The filename will be included in the mime header for the specific field:

>>> import requests
>>> open('file.txt', 'wb')  # create an empty demo file
<_io.BufferedWriter name='file.txt'>
>>> files = {'upload_file': open('file.txt', 'rb')}
>>> print(requests.Request('POST', 'http://example.com', files=files).prepare().body.decode('ascii'))
--c226ce13d09842658ffbd31e0563c6bd
Content-Disposition: form-data; name="upload_file"; filename="file.txt"


--c226ce13d09842658ffbd31e0563c6bd--

Note the filename="file.txt" parameter.

You can use a tuple for the files mapping value, with between 2 and 4 elements, if you need more control. The first element is the filename, followed by the contents, and an optional content-type header value and an optional mapping of additional headers:

files = {'upload_file': ('foobar.txt', open('file.txt','rb'), 'text/x-spam')}

This sets an alternative filename and content type, leaving out the optional headers.

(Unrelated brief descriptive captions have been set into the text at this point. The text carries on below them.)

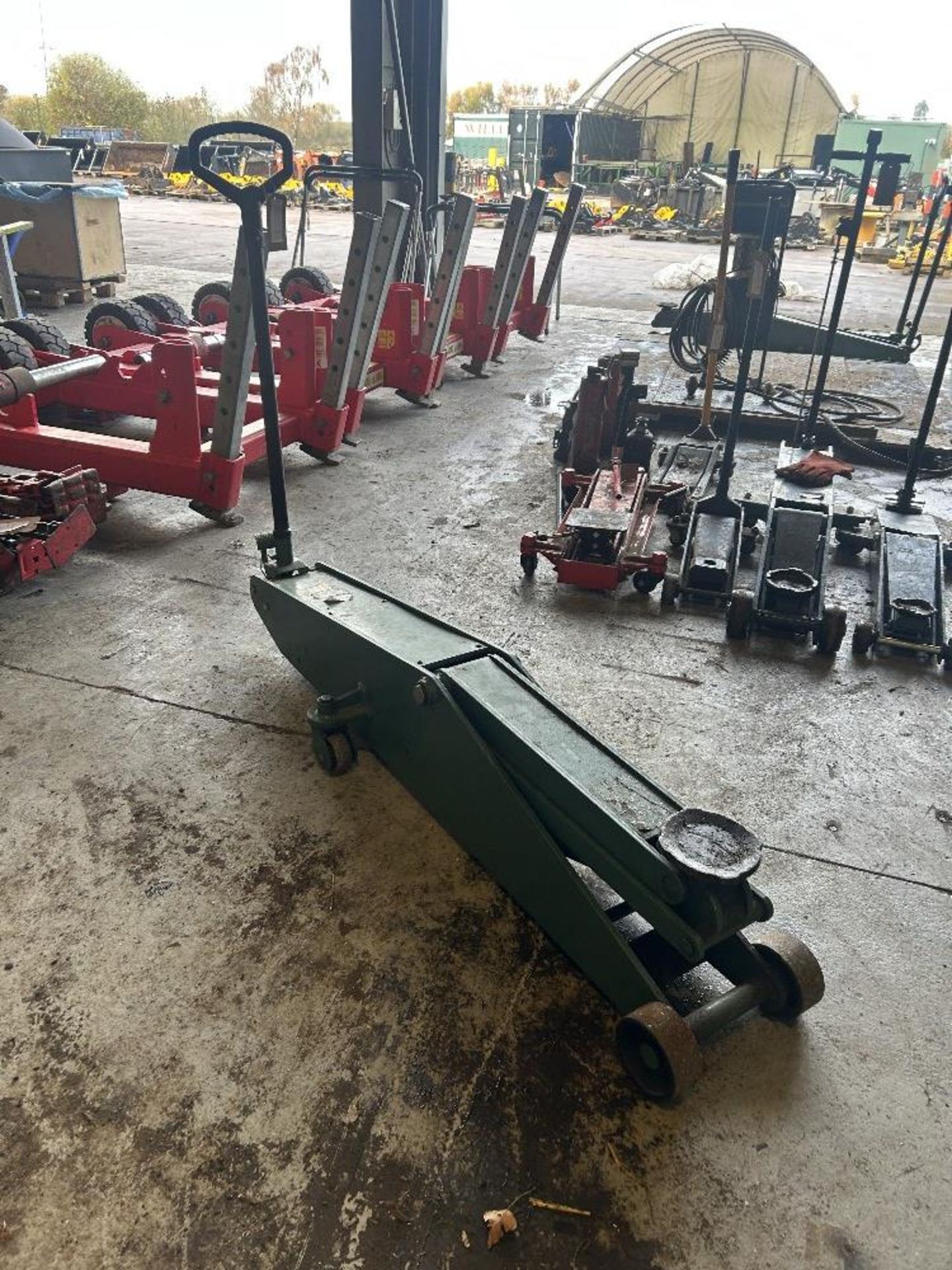 Compac 8 Compac 8 ton-HCG3 Heavy Duty Mobile Trolley JackSerial No.C2210 ...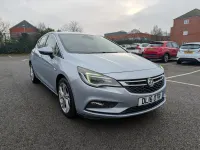 Usado Vauxhall Astra SRi 136 HP (100 kW) 2016 Prateado Citadino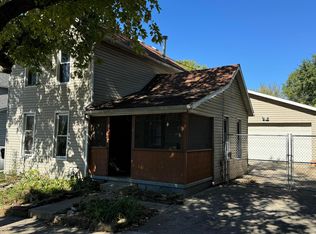 4 Pleasant St, Newark, OH 43055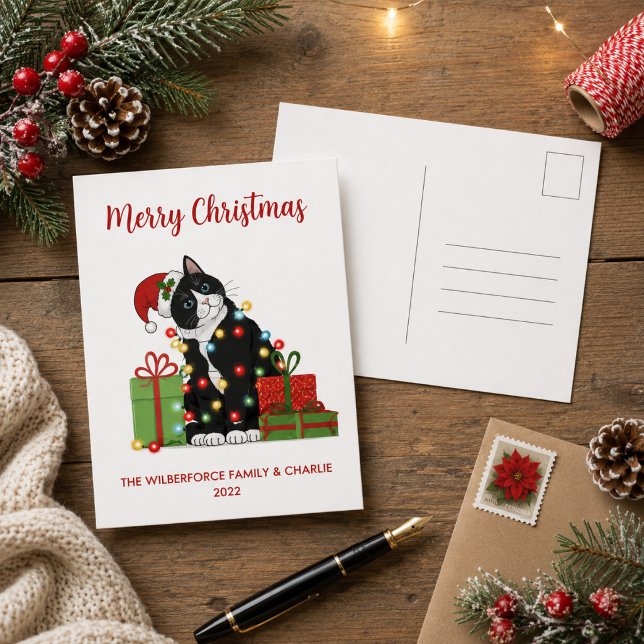 Rolig svart katt och julbelysning jul helg vykort (Add Family and Cat Names, and Year to customize)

If you are meaning the whole POST body to be taken from a file (with no other fields specified), then don't use the files parameter, just post the file directly as data. You then may want to set a Content-Type header too, as none will be set otherwise. See Python requests - POST data from a file.

Solution 2

(2018) the new python requests library has simplified this process, we can use the 'files' variable to signal that we want to upload a multipart-encoded file

url = 'http://httpbin.org/post'
files = {'file': open('report.xls', 'rb')}

r = requests.post(url, files=files)
r.text

Solution 3

Client Upload

If you want to upload a single file with Python requests library, then requests lib supports streaming uploads, which allow you to send large files or streams without reading into memory.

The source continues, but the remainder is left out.